CALGARY, Oct. 15, 2015 /CNW/ - In the aftermath of the recession caused by the 2007 financial crisis, there is a growing consensus about the need to change the regulatory framework towards a macroprudential perspective - an approach to financial regulation that aims to reduce the risk of the financial system as a whole. It is argued that the existing regulatory framework has a pure micro-based nature which is focused at protecting the individual financial institutions - keeping individual banks safe ensures the safety of the system as a whole. Addressing the link between the system and the performance of the overall economy has become a mandate for policymakers and scholars.
A paper released today by The School of Public Policy and authors Mahdi Ebrahimi Kahou and Alfred Lehar examines a review of macroprudential policy literature, its objectives and the challenges that a macro-based framework needs to overcome. In particular, the report identifies two key challenges for macroprudential stability in Canada. First being that housing prices and personal debt levels of Canadians are at a high level. Any sudden corrections might pose a challenge for the financial system and policymakers should continue to address this type of systemic risk. Second, while the Canadian banking system was not severely implicated in the recent financial crisis, stronger linkages may pose a larger threat to Canadian financial stability in the future.
According to the paper, the frequent occurrence of financial crises and their consequences has led many to suspect that the existing financial regulatory framework is not sufficient to insure the stability of the financial system as a whole and by looking at individual institutions in isolation, risks are overlooked that are only visible at the system level.
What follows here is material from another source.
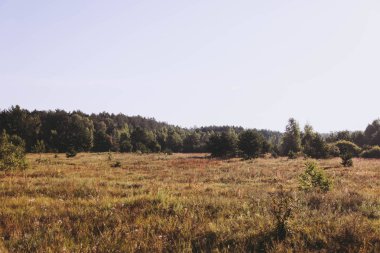 Geniş alan ve orman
Macroprudential regulation is the correct approach to ensure the long run stability of the financial system. Instead of focusing only on the individual bank as a standalone entity, regulators must see the system as a whole and limit threats to financial stability. While we now know substantially more about systemic risk than just 10 years ago, many questions remain to be addressed. Macroprudential policy, as an attempt to address this concern, must remain a mandate for policymakers.